• PROVIDED DATA:
= = =

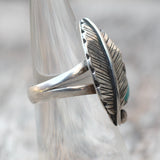 Vintage Sterling Turquoise Feather Ring 5.5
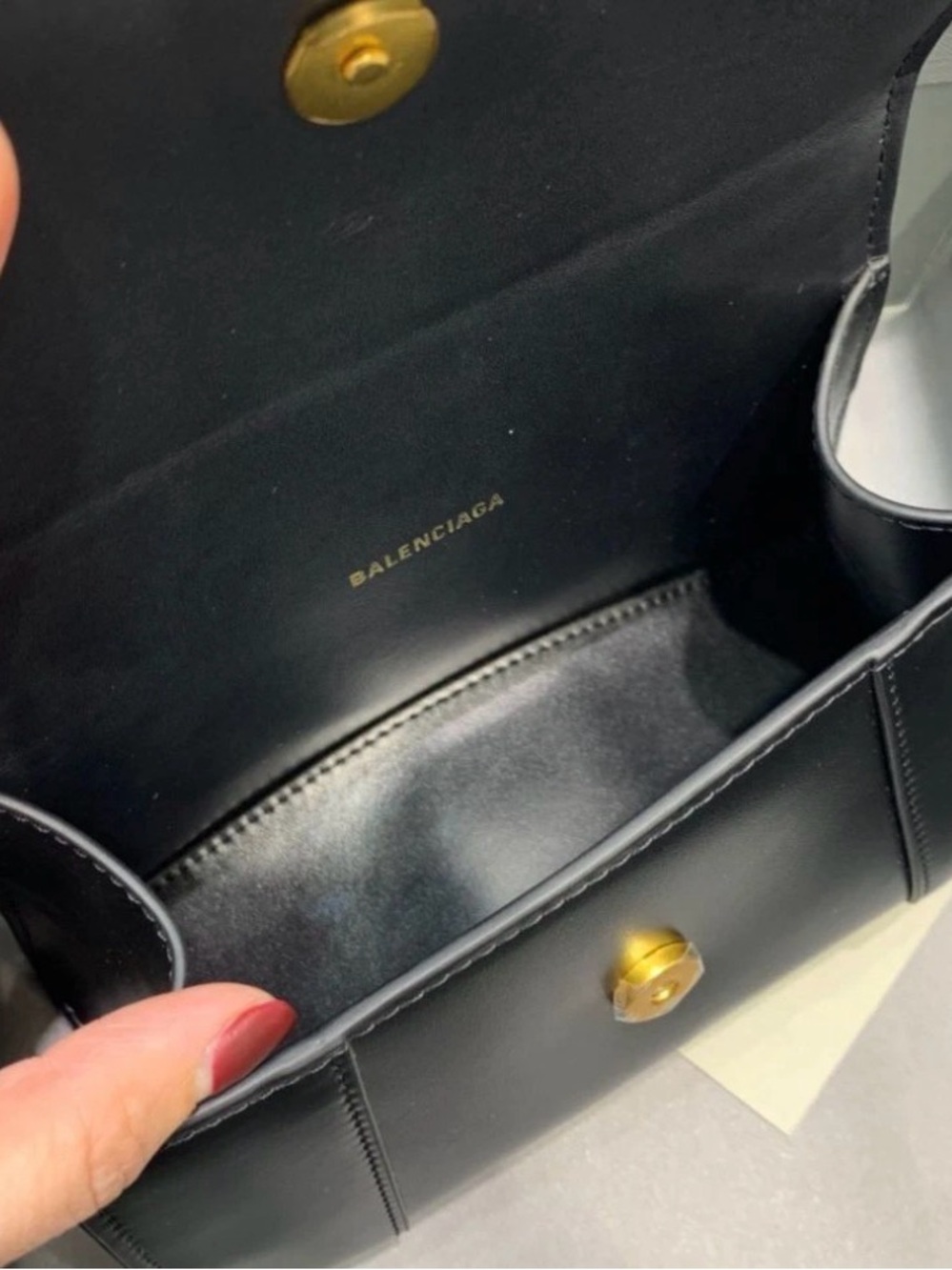 Balenciaga Black Mini Top-Handle Bag with Gold Hardware - Picture 4 of 9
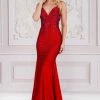 Heat Stone V-Neck Mermaid Gown By Amelia Couture 3018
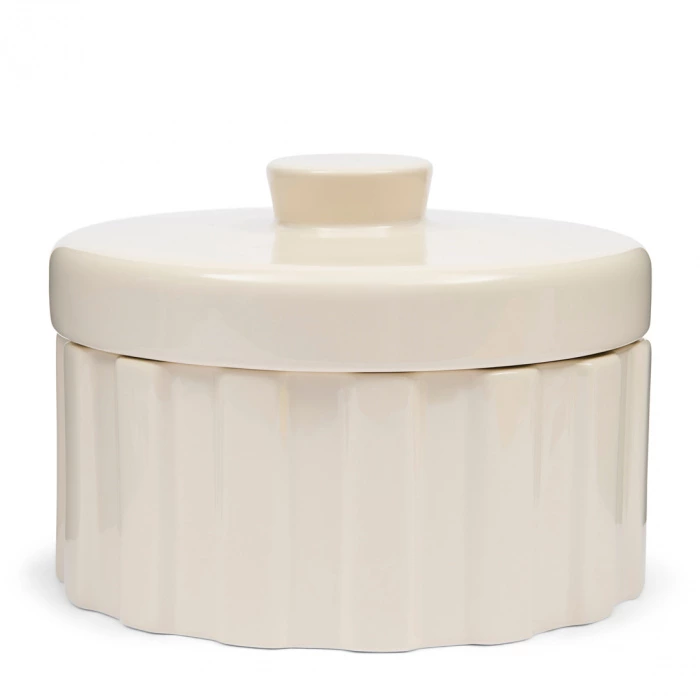 riviera maison Voorraadpot Clay Ribbed Wit Wijd
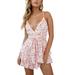 Women Deep V-Neck Floral Print Romper Layer Ruffle Hem Short Rompers with Belt Ladies Summer Boho Floral Printed Playsuit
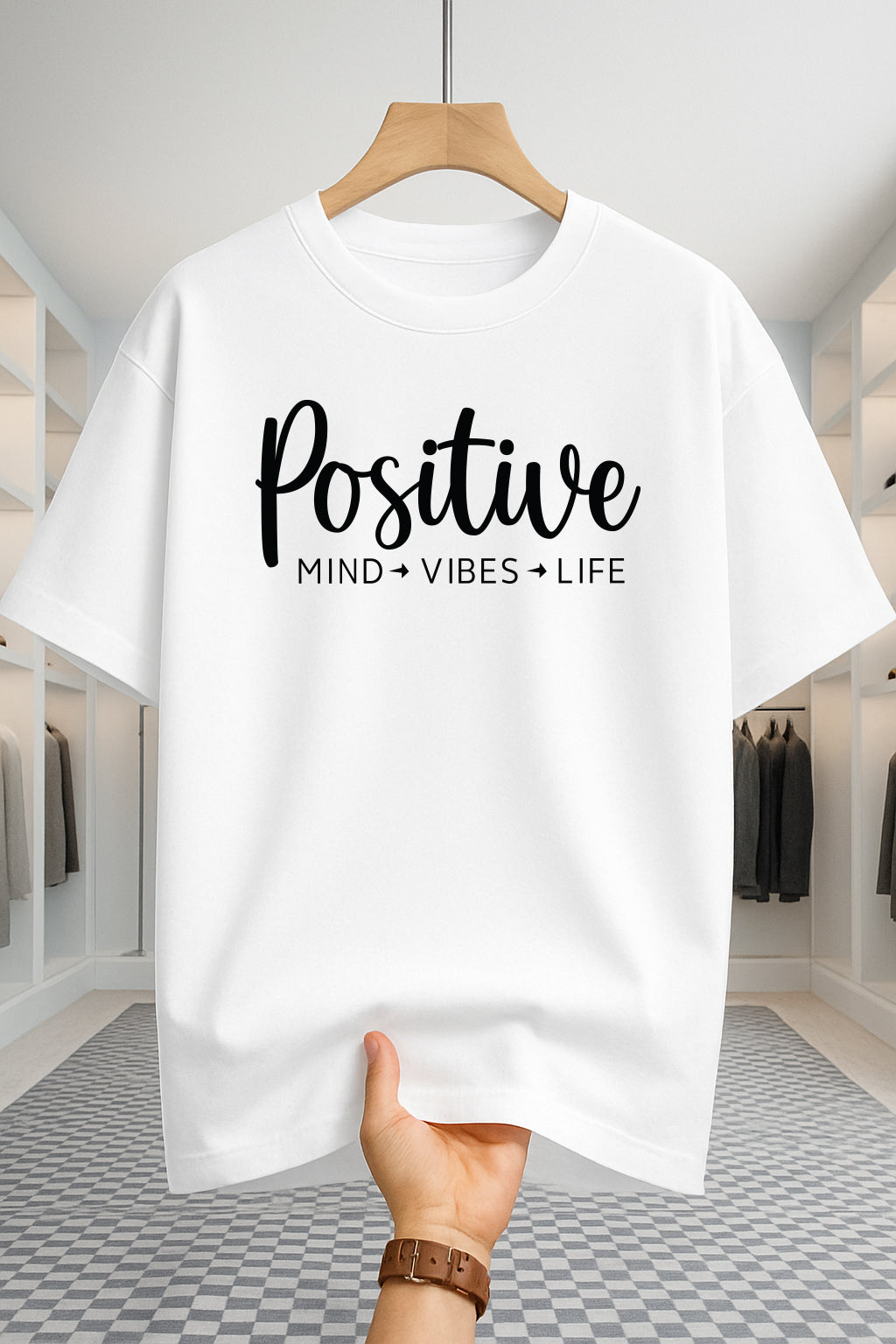 Drop Shoulder T-shirt - Positive - White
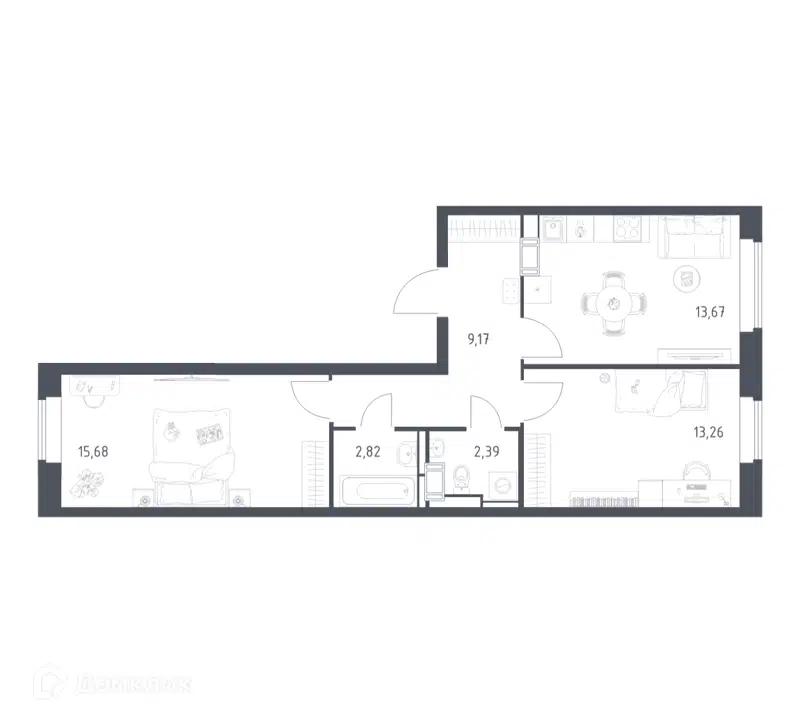 2-комнатная квартира 56.99 м² Большое Путилково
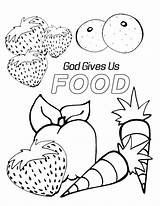 Coloring Sunday School Pages Food Preschool Bible God Gives Kids Color Made Sheets Lessons Lesson Gave Printable Animals Print Children sketch template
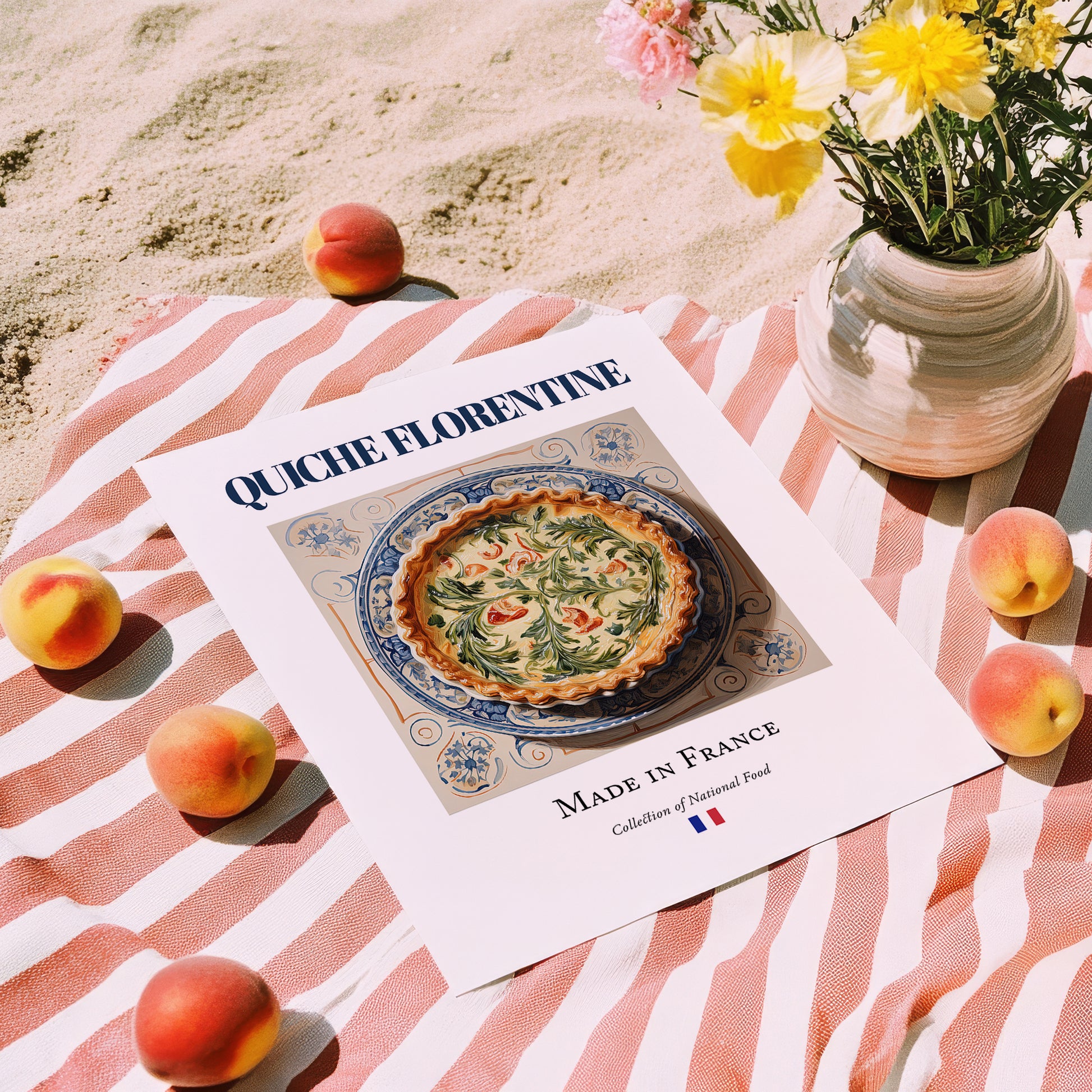 Quiche Florentine – French Dish, Tavern Still Life, unframed on coastal sand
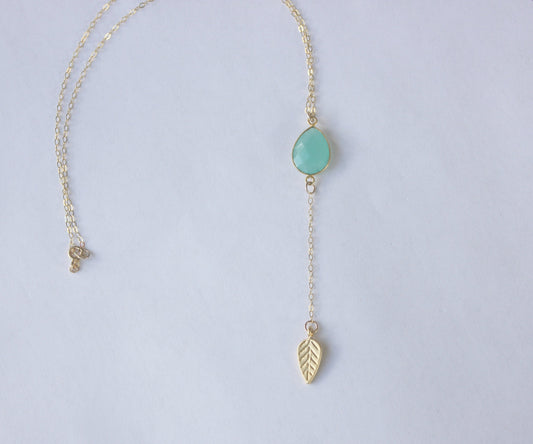 Aqua Chalcedony necklace on a gold filled chain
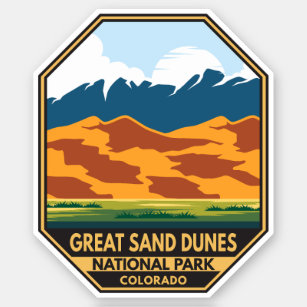 Great Sand Dunes National Park Colorful Emblem Sticker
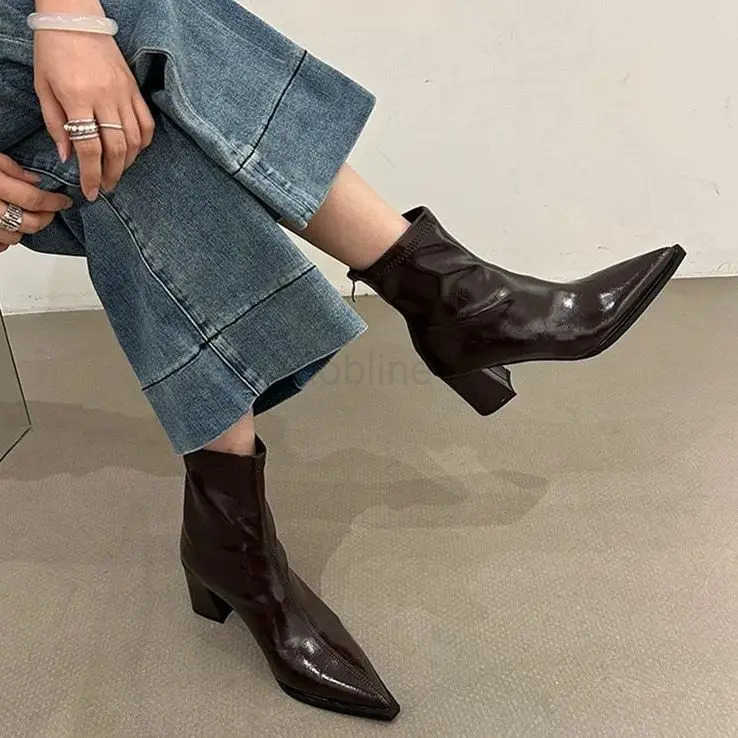 White Ankle Boots Boots-Wen Fem Shoes Winter Footwear Low 2025 High Heel Ladies Pointy Autumn Pointed Toe Pumps Winter Boot Z250304
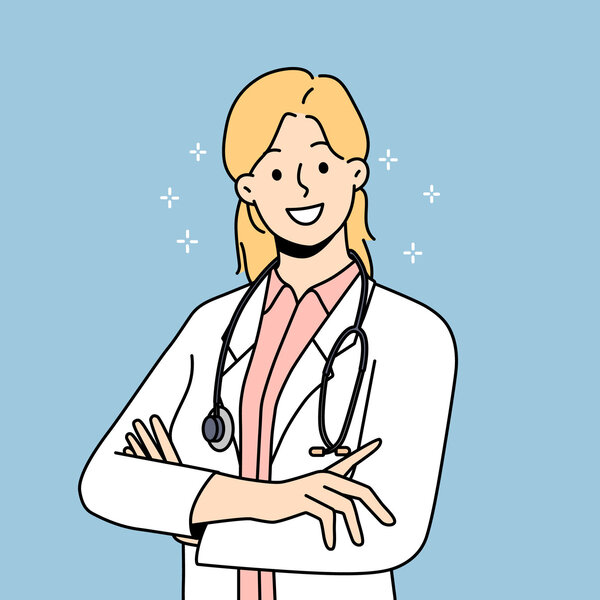 Illustrasjonen viser en kvinnelig helsearbeider.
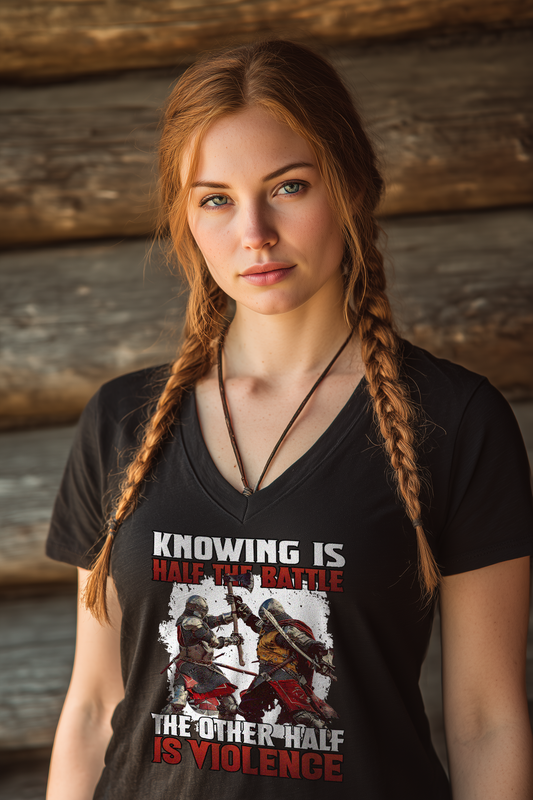 Knowing is half the battle | Damen Bio V-Neck T-Shirt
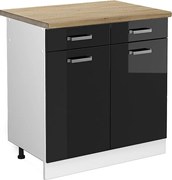 Szafka dolna do kuchni czarny wysoki połysk 80x60x81.6 r-line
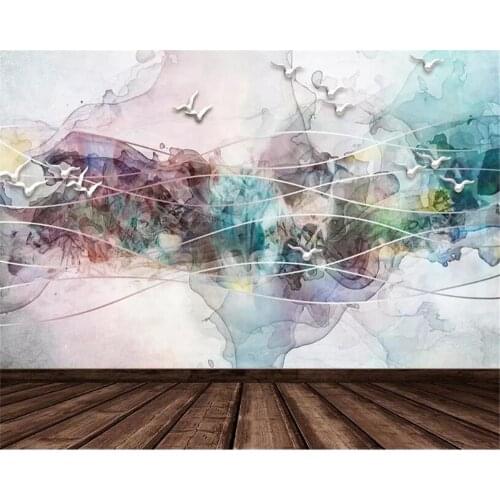 Beibehang Custom Wallpaper Abstract decorative painted ink landscape bird Photo Wallpaper Mural Bedroom TV Wall 3D Wallpaper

= = =

• WHAT IS NEEDED: What is the exact wording of the lines from the one bearing "Szafka dolna do" through the final line of the records above? Write it out without the pictures.

• YOUR SOLUTION:
 Szafka dolna do kuchni czarny wysoki połysk 80x60x81.6 r-line
 Beibehang Custom Wallpaper Abstract decorative painted ink landscape bird Photo Wallpaper Mural Bedroom TV Wall 3D Wallpaper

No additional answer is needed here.